REQUIRED WORK:
With no omissions, write out every record given below.
EXERCISE INPUTS: Begin
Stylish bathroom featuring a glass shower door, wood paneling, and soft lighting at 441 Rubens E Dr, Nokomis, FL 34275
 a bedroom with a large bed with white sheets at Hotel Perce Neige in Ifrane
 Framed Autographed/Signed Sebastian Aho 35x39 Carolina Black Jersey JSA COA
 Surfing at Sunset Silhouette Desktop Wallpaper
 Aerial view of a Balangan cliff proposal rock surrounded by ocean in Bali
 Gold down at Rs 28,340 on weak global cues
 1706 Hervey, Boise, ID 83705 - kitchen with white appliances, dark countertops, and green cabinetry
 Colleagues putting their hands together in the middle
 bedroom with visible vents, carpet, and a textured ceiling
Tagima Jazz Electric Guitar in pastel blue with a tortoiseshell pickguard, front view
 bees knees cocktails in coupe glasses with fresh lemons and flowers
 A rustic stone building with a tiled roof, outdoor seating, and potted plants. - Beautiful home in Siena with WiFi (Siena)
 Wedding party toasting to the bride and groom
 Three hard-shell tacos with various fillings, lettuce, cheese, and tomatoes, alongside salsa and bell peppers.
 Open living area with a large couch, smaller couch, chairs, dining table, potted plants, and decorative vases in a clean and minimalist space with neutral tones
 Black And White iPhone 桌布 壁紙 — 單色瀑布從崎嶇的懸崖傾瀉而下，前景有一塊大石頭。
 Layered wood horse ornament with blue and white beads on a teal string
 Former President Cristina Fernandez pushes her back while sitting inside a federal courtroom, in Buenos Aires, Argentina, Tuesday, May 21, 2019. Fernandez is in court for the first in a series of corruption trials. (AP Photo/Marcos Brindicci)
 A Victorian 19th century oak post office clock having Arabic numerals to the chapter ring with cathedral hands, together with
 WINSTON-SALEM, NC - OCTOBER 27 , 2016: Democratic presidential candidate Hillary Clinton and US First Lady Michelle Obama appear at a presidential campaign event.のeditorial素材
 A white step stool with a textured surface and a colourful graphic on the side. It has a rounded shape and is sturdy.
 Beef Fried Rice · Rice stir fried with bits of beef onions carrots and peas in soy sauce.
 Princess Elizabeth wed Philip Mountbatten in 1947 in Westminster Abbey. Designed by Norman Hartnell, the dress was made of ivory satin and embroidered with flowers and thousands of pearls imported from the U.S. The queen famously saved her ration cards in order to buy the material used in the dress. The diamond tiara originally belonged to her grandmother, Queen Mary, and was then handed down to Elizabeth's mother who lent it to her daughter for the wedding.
EXERCISE INPUTS: End
YOUR RESPONSE:
Stylish bathroom featuring a glass shower door, wood paneling, and soft lighting at 441 Rubens E Dr, Nokomis, FL 34275
 a bedroom with a large bed with white sheets at Hotel Perce Neige in Ifrane
 Framed Autographed/Signed Sebastian Aho 35x39 Carolina Black Jersey JSA COA
 Surfing at Sunset Silhouette Desktop Wallpaper
 Aerial view of a Balangan cliff proposal rock surrounded by ocean in Bali
 Gold down at Rs 28,340 on weak global cues
 1706 Hervey, Boise, ID 83705 - kitchen with white appliances, dark countertops, and green cabinetry
 Colleagues putting their hands together in the middle
 bedroom with visible vents, carpet, and a textured ceiling
Tagima Jazz Electric Guitar in pastel blue with a tortoiseshell pickguard, front view
 bees knees cocktails in coupe glasses with fresh lemons and flowers
 A rustic stone building with a tiled roof, outdoor seating, and potted plants. - Beautiful home in Siena with WiFi (Siena)
 Wedding party toasting to the bride and groom
 Three hard-shell tacos with various fillings, lettuce, cheese, and tomatoes, alongside salsa and bell peppers.
 Open living area with a large couch, smaller couch, chairs, dining table, potted plants, and decorative vases in a clean and minimalist space with neutral tones
 Black And White iPhone 桌布 壁紙 — 單色瀑布從崎嶇的懸崖傾瀉而下，前景有一塊大石頭。
 Layered wood horse ornament with blue and white beads on a teal string
 Former President Cristina Fernandez pushes her back while sitting inside a federal courtroom, in Buenos Aires, Argentina, Tuesday, May 21, 2019. Fernandez is in court for the first in a series of corruption trials. (AP Photo/Marcos Brindicci)
 A Victorian 19th century oak post office clock having Arabic numerals to the chapter ring with cathedral hands, together with
 WINSTON-SALEM, NC - OCTOBER 27 , 2016: Democratic presidential candidate Hillary Clinton and US First Lady Michelle Obama appear at a presidential campaign event.のeditorial素材
 A white step stool with a textured surface and a colourful graphic on the side. It has a rounded shape and is sturdy.
 Beef Fried Rice · Rice stir fried with bits of beef onions carrots and peas in soy sauce.
 Princess Elizabeth wed Philip Mountbatten in 1947 in Westminster Abbey. Designed by Norman Hartnell, the dress was made of ivory satin and embroidered with flowers and thousands of pearls imported from the U.S. The queen famously saved her ration cards in order to buy the material used in the dress. The diamond tiara originally belonged to her grandmother, Queen Mary, and was then handed down to Elizabeth's mother who lent it to her daughter for the wedding.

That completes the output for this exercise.